Networked Society City Index: Stockholm ranks highest, Rome is in the 21st place

SOURCE: – 10 november 2014

Ericsson published the Networked Society City Index, developed in collaboration with the group Sweco, the index that ranks 40 cities and measures their ICT maturity in terms of leverage from ICT investments in economic, social and environmental development.

The top five cities are the same as in 2013, Stockholm ranks highest followed by London, but Paris has edged past Singapore. There are 9 new cities, and among them Rome that is in the 21st place, together with other cities such as: Berlin, Barcelona, Athens, Warsaw, Muscat, Abu Dhabi and Dubai.

As the rate of change accelerates around the world, the economic and political importance of cities is growing quickly. Today, the majority of the world’s people live in cities, and it is becoming increasingly obvious that cities hold a major key to solving the social, environmental and economic challenges that they face.

Interestingly, cities with a low ICT maturity rating seem to be maturing more quickly than high-performing cities, indicating a catchup effect. Many cities also have the opportunity to leapfrog others by avoiding expensive and increasingly obsolete physical infrastructure and instead moving straight to innovative applications using advanced mobile technology.

Patrik Regårdh, Head of Ericsson’s Networked Society Lab, adds: “Cities will be the major arena in which ICT can bring solutions for economic, social, and sustainable growth. As a leader in ICT development, solutions and implementation, Ericsson is playing a major role in realizing the Networked Society and paving the way for more efficient, effective cities”.

The report includes three predictions about the urban future:

• People rather than institutions will drive urban progress to a larger extent;
• GDP will be redefined by moving toward a more collaborative and sharing economy: ICT solutions will provide opportunities to create more value from fewer resources, therefore necessitating an adjustment of GDP to mirror the values important for a sustainable society
• The power of collaboration will be essential in cities, organizations and governance.

ICT represents a new way to organize society and change the way people and organizations behave. Innovation in technology and markets, new way of sharing information and communicate and people behavioral changes are at the base of ICT future scenarios, where cities will be crucial to face global challenges such as climate changes, environment, social inclusion and new economic competition.

Monika Byléhn, Networked Society Evangelist explains: “Today, we are seeing so many new opportunities which are more or less provided by ICT. The way that cities are lead is increasingly built on ICT to provide efficiency and innovation, in basically all areas of a city, from health care to transport to utilities.”

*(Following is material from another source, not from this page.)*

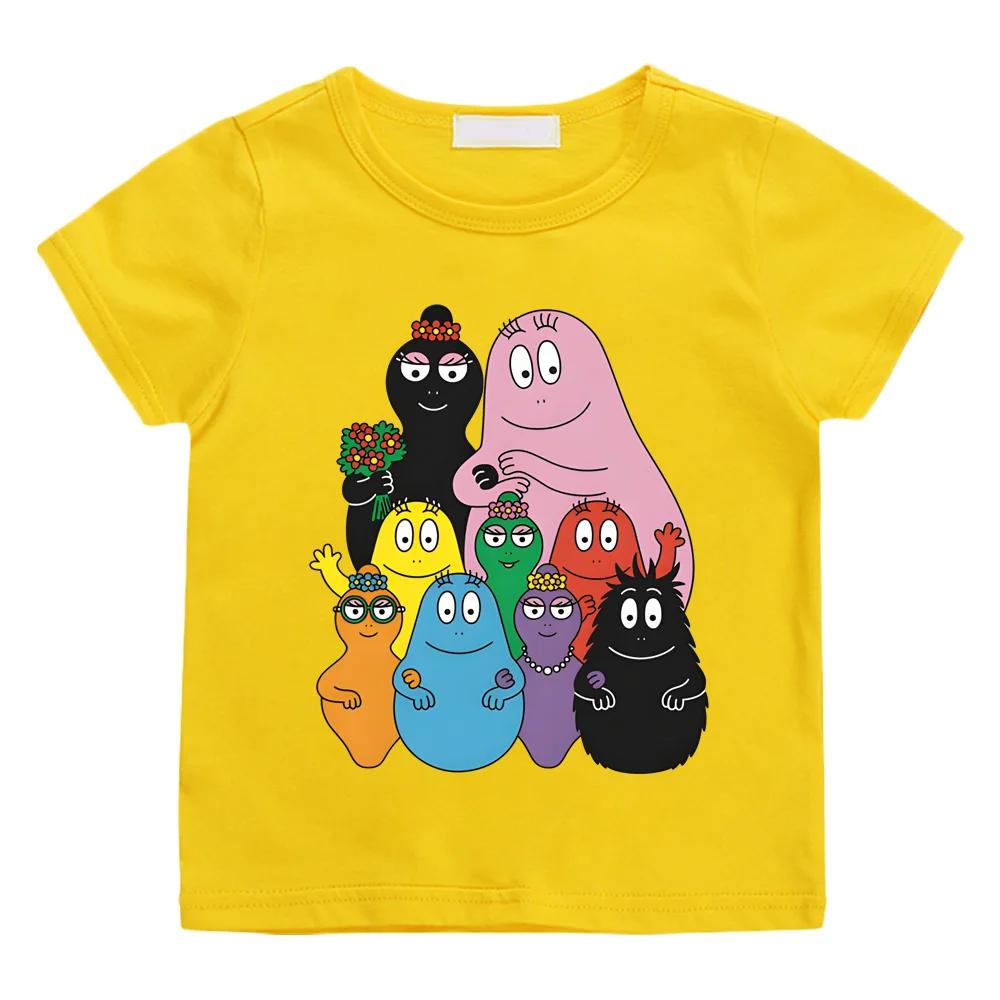 Barbapapa Cartoon Printing Tshirts Summer Cute Graphic Print Teeshirt Short Sleeve CottonTshirts GirlsBoys Clothes KawaiiTops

To prepare the Networked Society City Index each year Ericsson review the leading research literatureand case studies exploring the connection between ICT and sustainable urban development. Thisyear, Ericsson noted a clear shift in research emphasis, away from proving the case for ICT benefits to a focus on how city governments can maximize those benefits. As ICT is accepted as a natural springboard for growth and development, the 2014 City Index followed that same focus.